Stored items

- - -

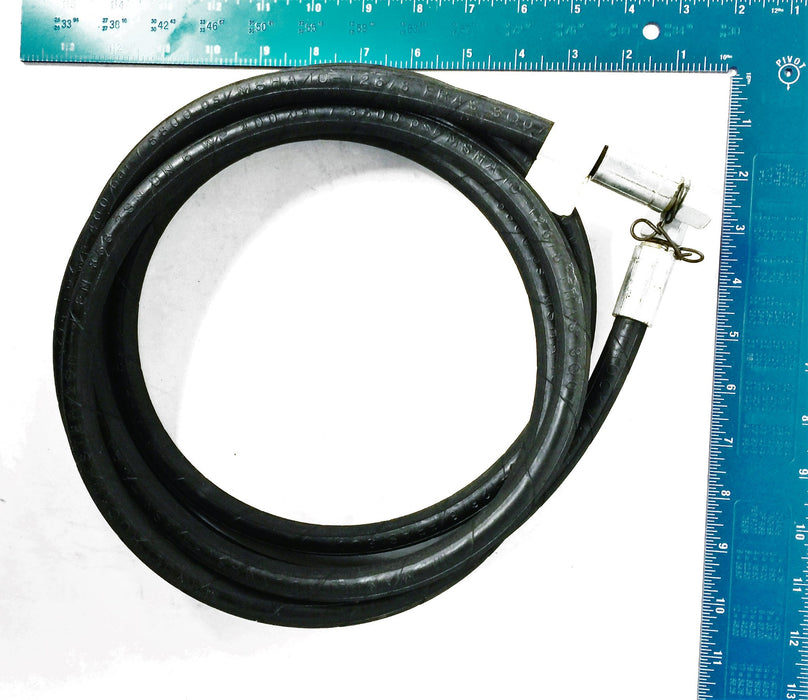 Hatec Hydraulic Hose 2SN06 3700mm (145.66") DKOL-08 NOS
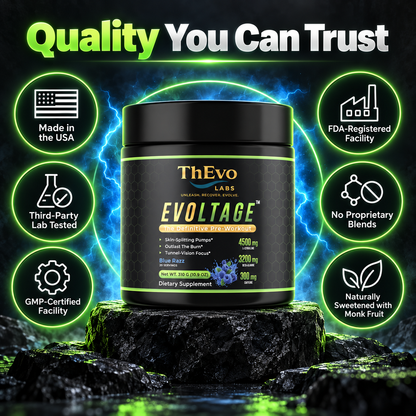 Evoltage Blue Razz product quality and testing information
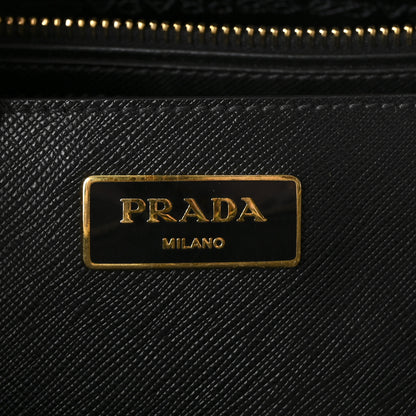 Prada Saffiano Lux Extra Large Galleria Double Zip Tote Black 6 of 10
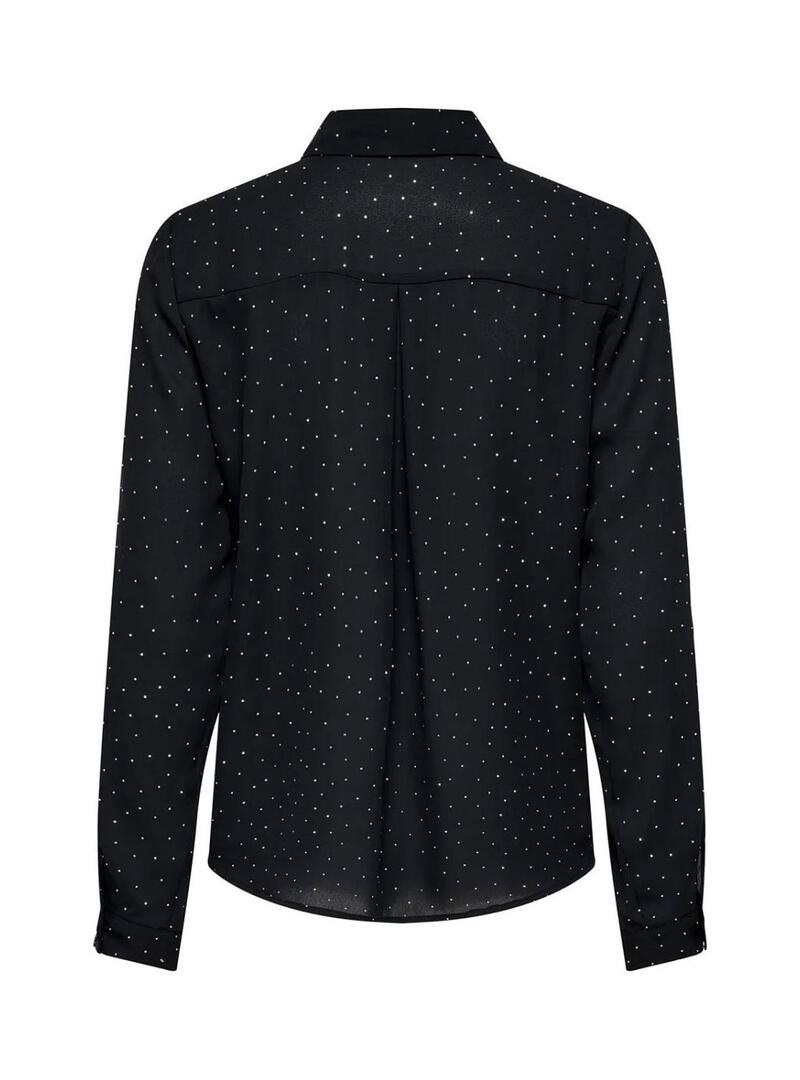 Camicia Only Zeke con borchie nera per donna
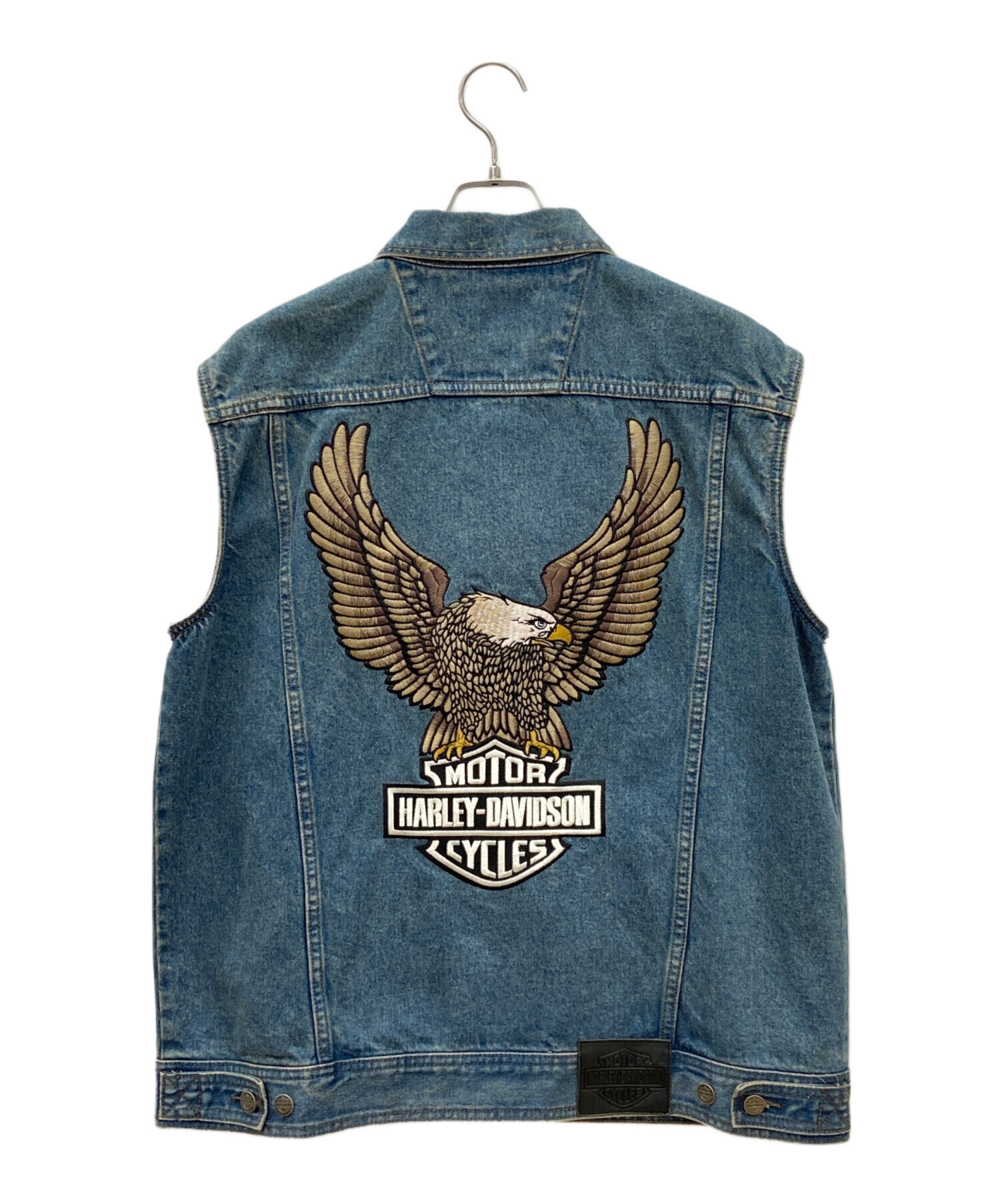 Harley-Davidson デニムベスト Mサイズ 中古・古着通販】HARLEY-DAVIDSON (ハーレーダビッドソン) バック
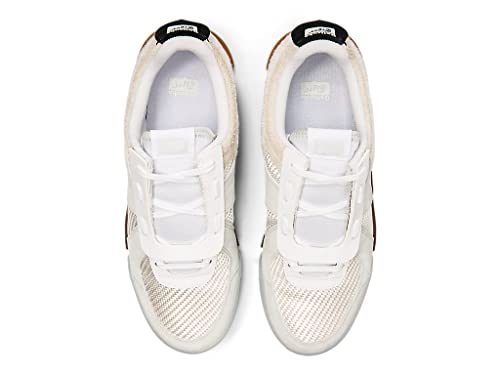 Onitsuka Tiger Unisex D-Trainer Slip-On Shoes, Cream/Polar Shade, 5 #TOP21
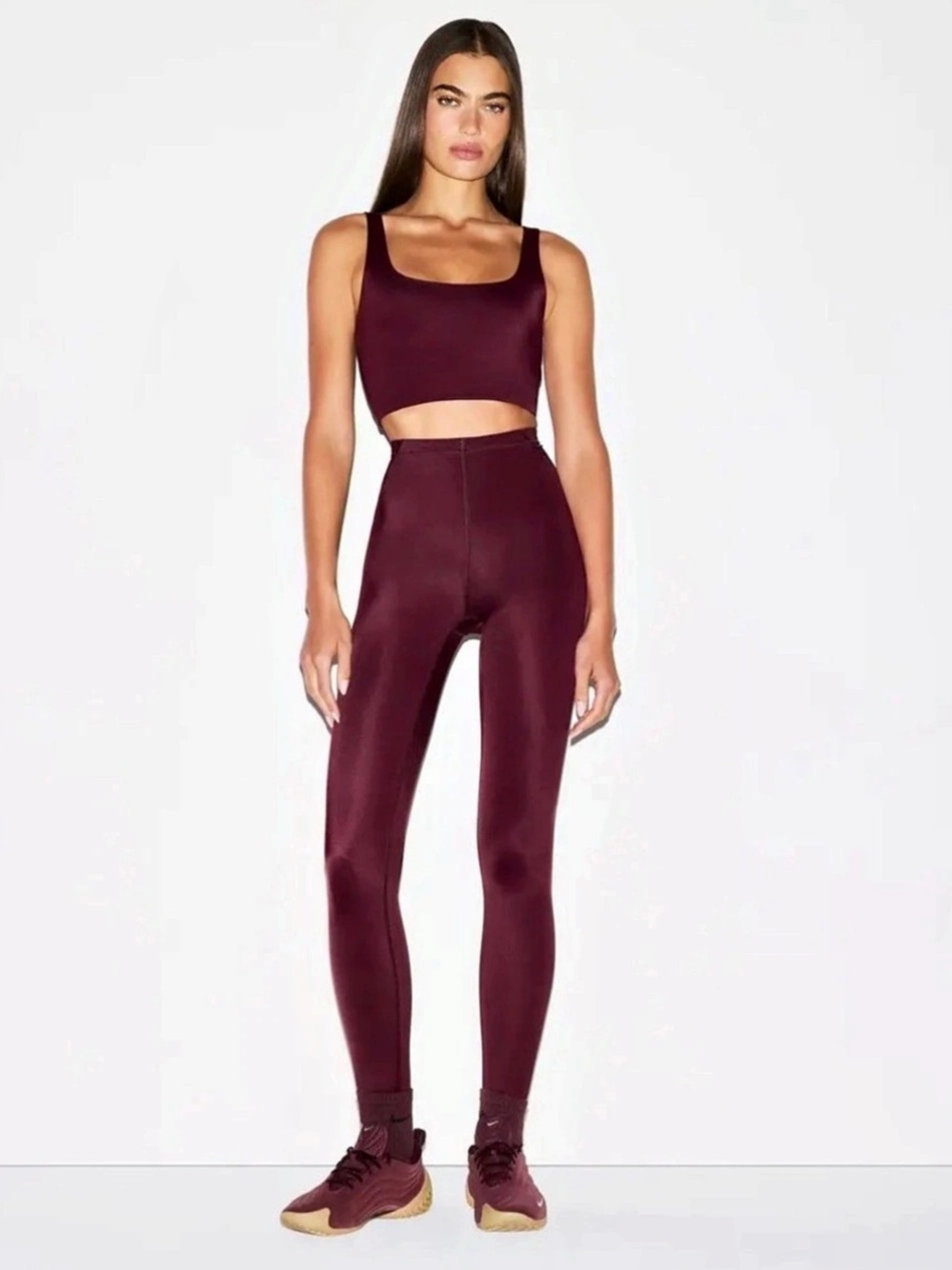 Skims x nike Women's currant Training drawstring shine Leggings xl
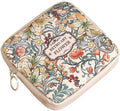 OULIGET Sanitary Napkin Storage Bags,Portable Menstrual Cup Nursing Pad Tampon Storage Pouch,Leather Oil Painting Flower Travel Makeup Bags Coin Purse Sundries Pouch with Zipper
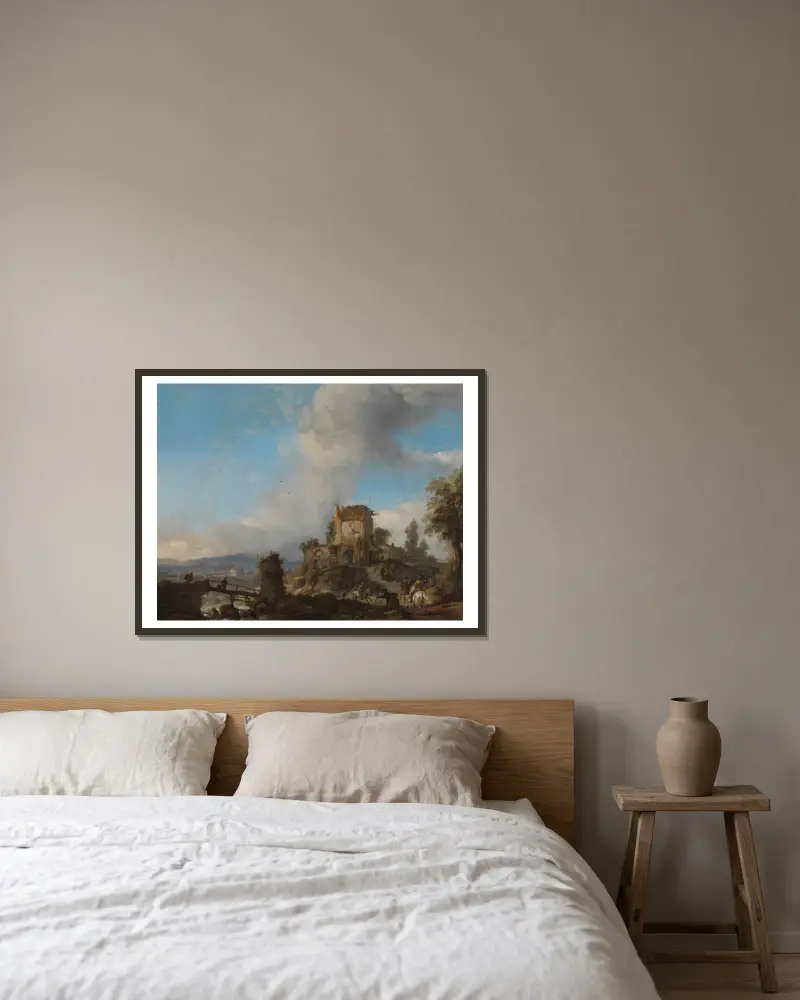 Polowanie na jelenia, Philips Wouwerman w ramie na ścianie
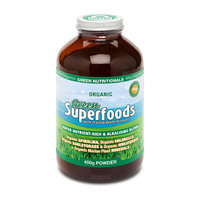 Organic Green Superfoods Vegan Capsules (600mg) 250 Caps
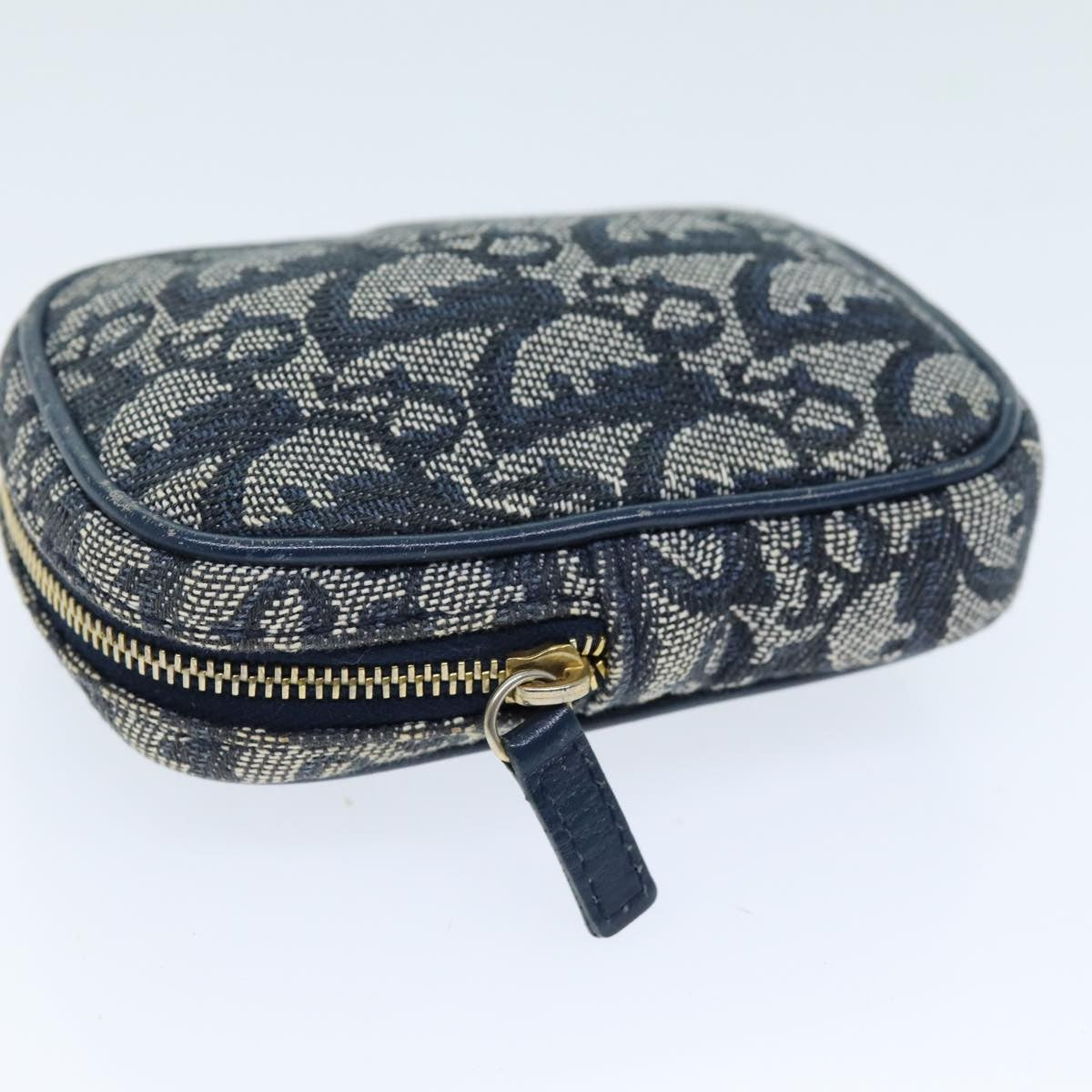 Christian Dior   Trotter Pouch Canvas Navy Canvas Clutche & Pouche Bag ()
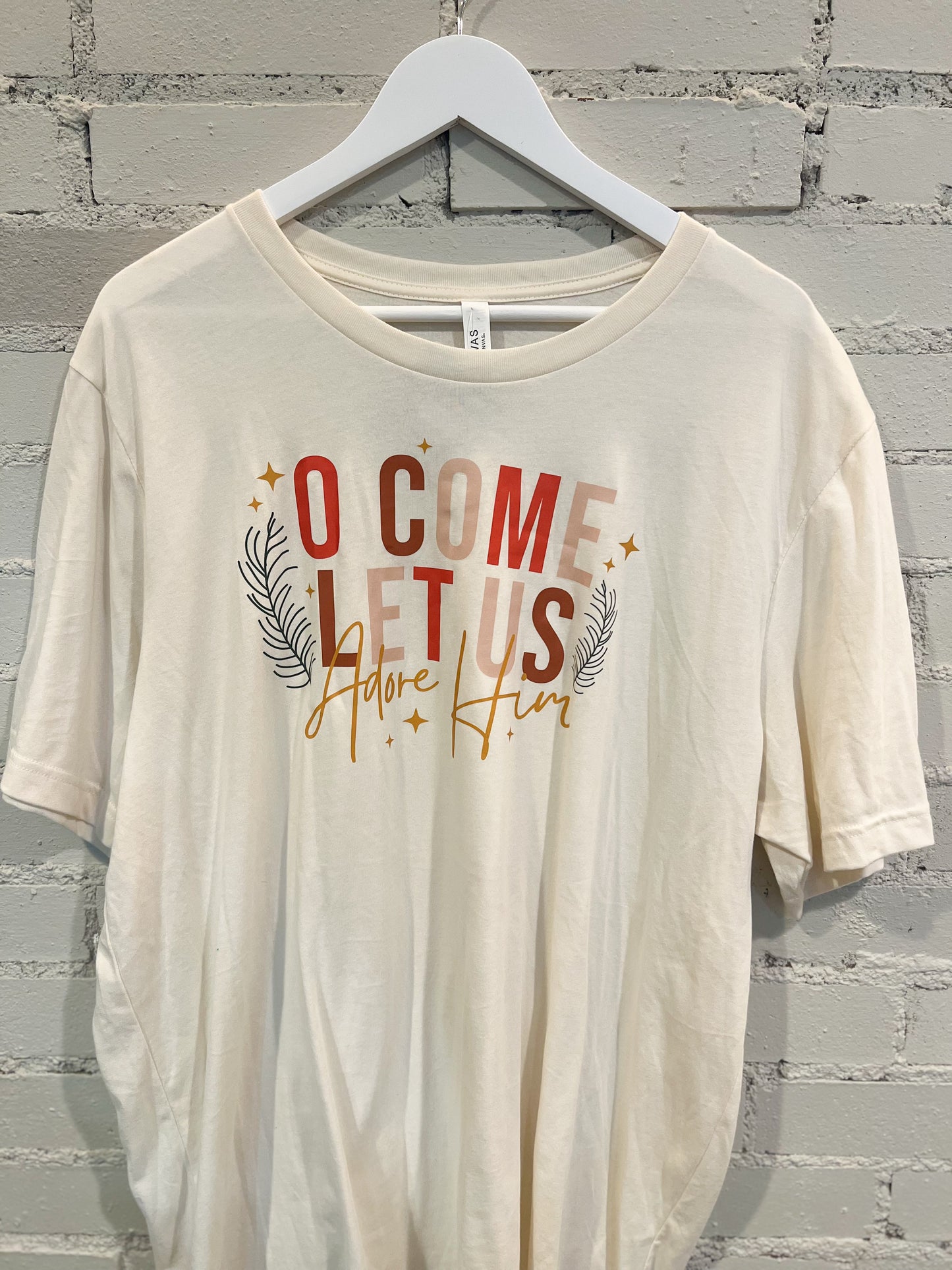 O Come Let Us Adore Him T-Shirt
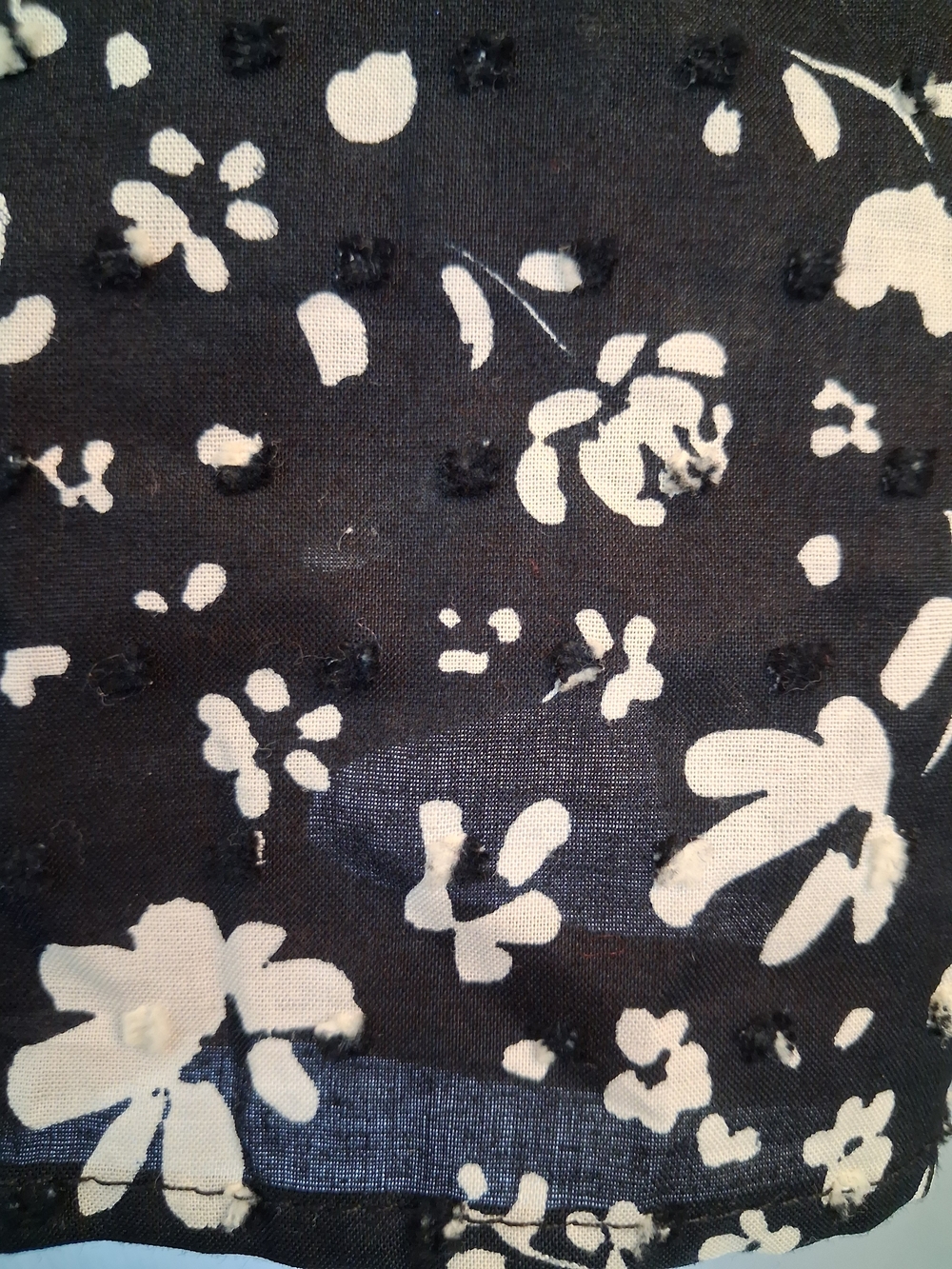 Who What Wear Black & White Floral Tiered Mini Dress - Picture 7 of 10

- - -

TASK GOAL: Print nothing but the lines above starting with the line that contains "Harley-Davidson デニムベスト Mサイズ" and going on through the line that contains "O Come Let Us Adore Him T-Shirt". Leave out the pictures.

TASK OUTPUT:
 Harley-Davidson デニムベスト Mサイズ 中古・古着通販】HARLEY-DAVIDSON (ハーレーダビッドソン) バック
 Onitsuka Tiger Unisex D-Trainer Slip-On Shoes, Cream/Polar Shade, 5 #TOP21
 Skims x nike Women's currant Training drawstring shine Leggings xl
 OULIGET Sanitary Napkin Storage Bags,Portable Menstrual Cup Nursing Pad Tampon Storage Pouch,Leather Oil Painting Flower Travel Makeup Bags Coin Purse Sundries Pouch with Zipper
 Polowanie na jelenia, Philips Wouwerman w ramie na ścianie
 Organic Green Superfoods Vegan Capsules (600mg) 250 Caps
 Christian Dior   Trotter Pouch Canvas Navy Canvas Clutche & Pouche Bag ()
 O Come Let Us Adore Him T-Shirt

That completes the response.